El dulzor de una mentira: Historia del Joven heraldo

INGRATA REALIDAD

Exigua fue la existencia de un esperado brote,
que apenas en contacto con la realidad murió.


Lanaiel

Al día siguiente salieron en busca de aquellos que por sus dotes de declamación y la expresividad de sus adiestradas voces ejercían de oradores, para encomendarles una importante labor. Haciendo alarde de una consumada organización se diseminaron con premura por las prefecturas de Bánum, con el precepto no solo de informar, sino de acallar y desacreditar habladurías. De esta forma se difundió la historia de lo acontecido aquella noche. Fueron sus privilegiadas voces las encargadas de adornar y convertir tan dramático suceso en un hermoso y apasionado cantar de gesta. Las que lo entonaron a modo de plegaria para enternecer el corazón del pueblo. Y juntos lloraron la pérdida del joven heraldo, muerto la pasada víspera cuando trataba de impedir que un ladrón que había franqueado los muros accediera a las estancias de los señores.

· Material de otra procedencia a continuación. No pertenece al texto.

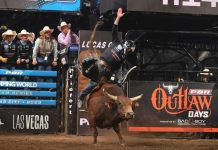 Rodeo: PBR Expanding Teams to 12 for 2027 Season PBR World Camping Teams 2023 - Image Courtesy Bull Stock Media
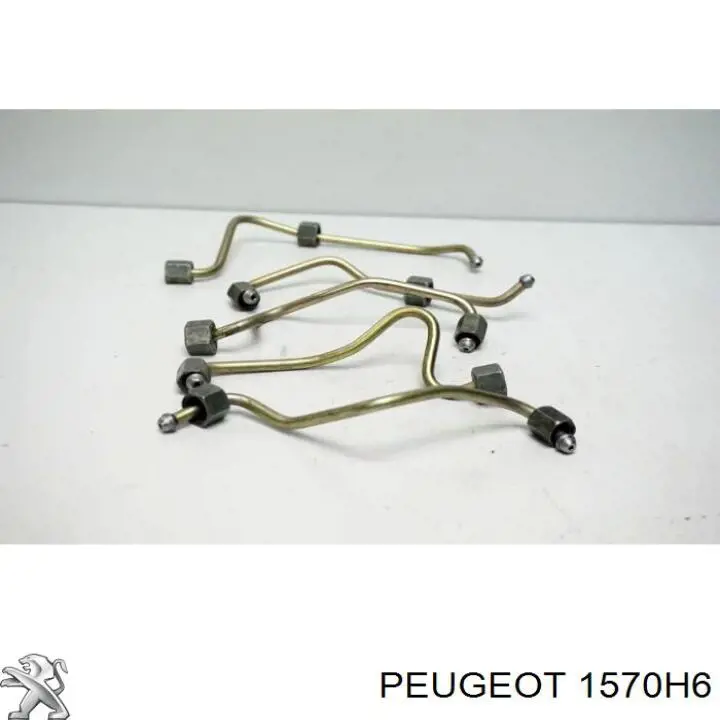 Tubería de combustible, sistema inyección, cilindro 1 Peugeot/Citroen 1570H6 precio, desde 35,50 EUR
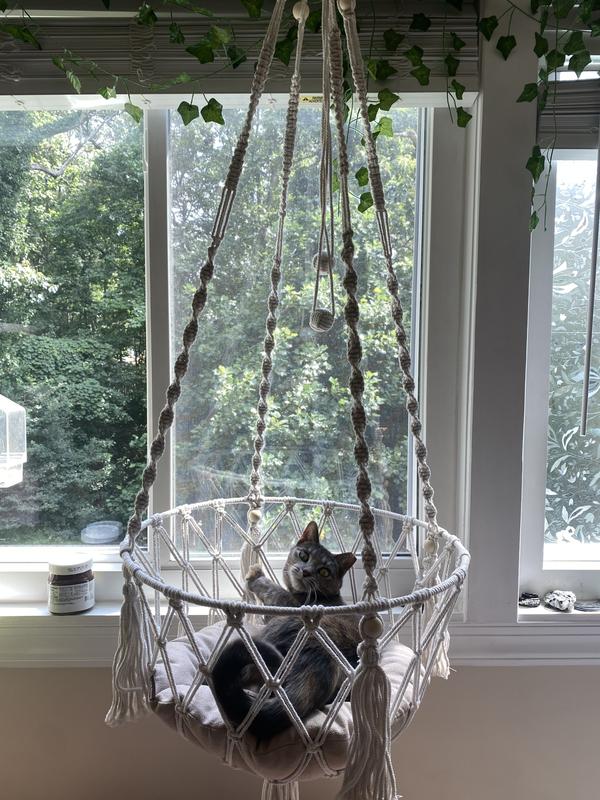 Artemis by her favorite window 💚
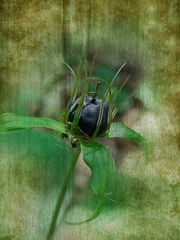 Vierblättrige Einbeere (Paris quadrifolia)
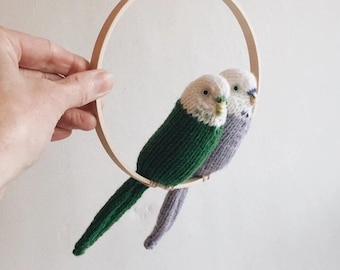 hand knitted Budgerigar in custom colours. Budgie lovers gift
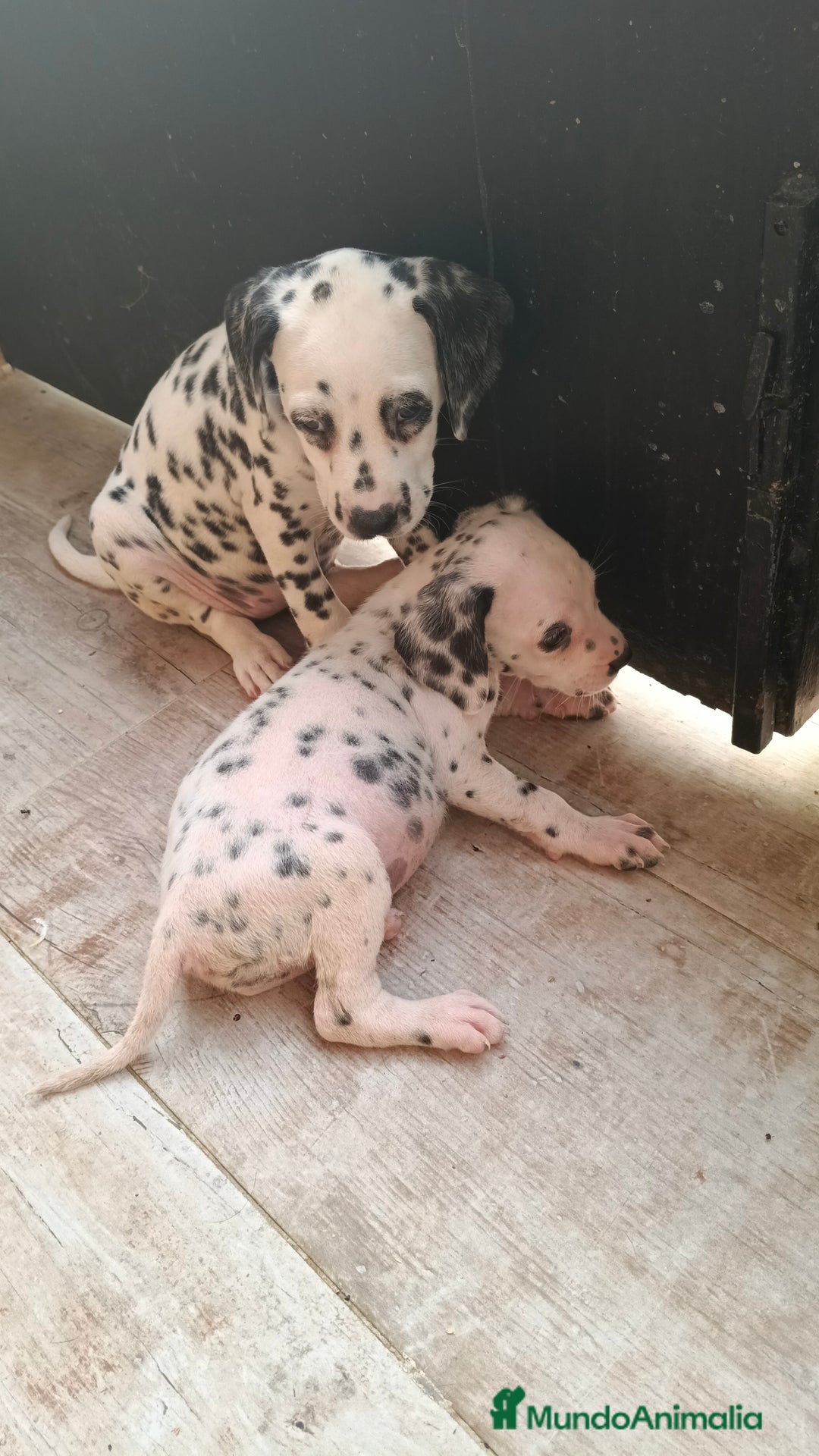 Dálmata perros en venta: Dalmata  - Imagen 4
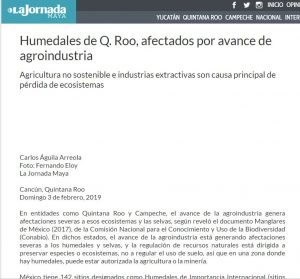 Humedales de Q. Roo, afectados por avance de agroindustria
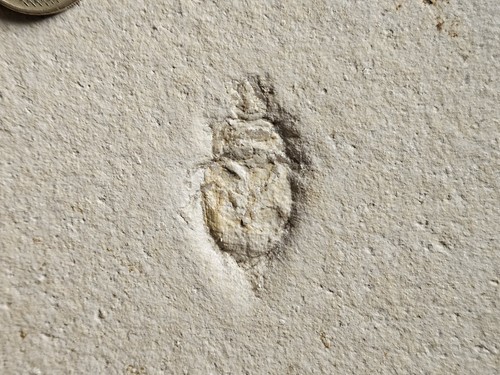 Fossiler käfer auf kalkplatte - fossiler,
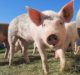 MatMaCorp’s test to detect African swine fever in pork
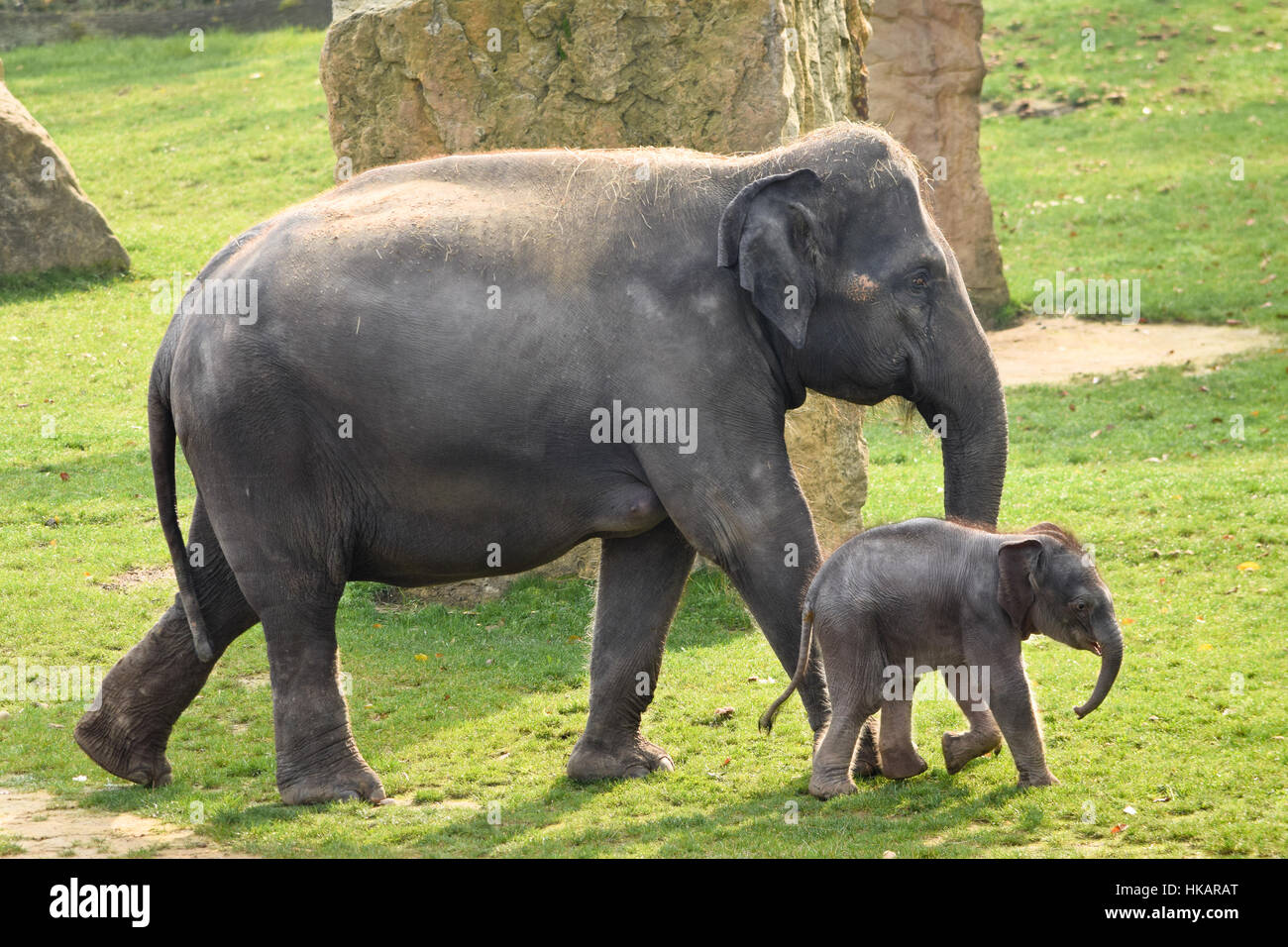 asian-calf-hi-res-stock-photography-and-images-alamy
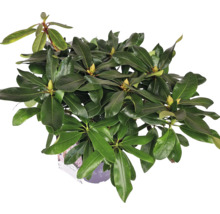 Rhododendron doftande Co 5L tillfälligt sortiment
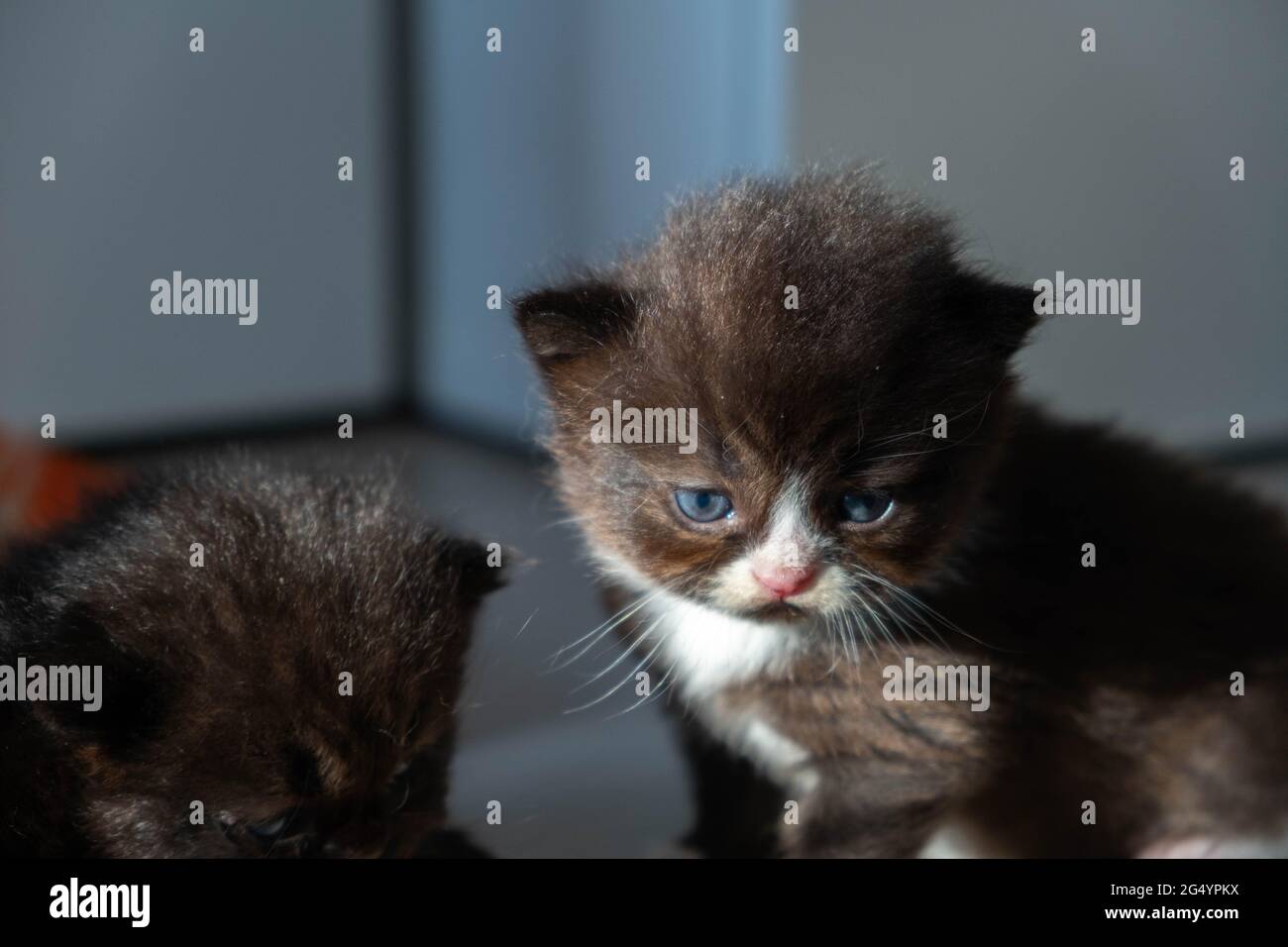 Un gato persa recién nacido negro Fotografía de stock - Alamy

Y juntos alabaron el valor y la entrega al dedicar su último aliento para alertar a sus hermanos, los cuales dieron caza al que derramó su sangre, siendo el mismo capitán de la guardia quien ajustició al criminal.

Bien acogido sea por los dioses aquel cuya lealtad le llevó a sacrificar su vida en pos de nuestra prosperidad.

Epitafio dirigido a integrantes de La Orden que dieron su vida por una causa que se estimó justa.

Así fue como esta fábula tomó cuerpo, no faltando quién tristemente embaucado se tornaba, cuando la situación era propicia, en improvisado mensajero. Un mensajero que sin gracia pero con pasión relataba tan conmovedora mentira a cuantos tuvieran a bien escucharla. Y tan prospera fue su propagación que aquel cuento llegó a traspasar las fronteras de Bánum antes de que el tiempo lo erosionara hasta matar su recuerdo. Y como cabía esperar no faltaron por parte de La Casa de Bánum alabanzas y donaciones para agradecer a La Orden que uno de sus hijos hubiera ofrecido su sangre para evitar que la de uno ellos fuese derramada.


BASTARÁ UN MOTIVO

Soy uno de los hijos desheredados que alcanzan a entrever el holocausto de una decrépita civilización en la que los valores humanos son moneda en desuso, y en la que el ser humano predica el canibalismo de la virtud. Cada día contemplo entristecido como una parte de ella perece, y la inocencia perdida adolece de realidad.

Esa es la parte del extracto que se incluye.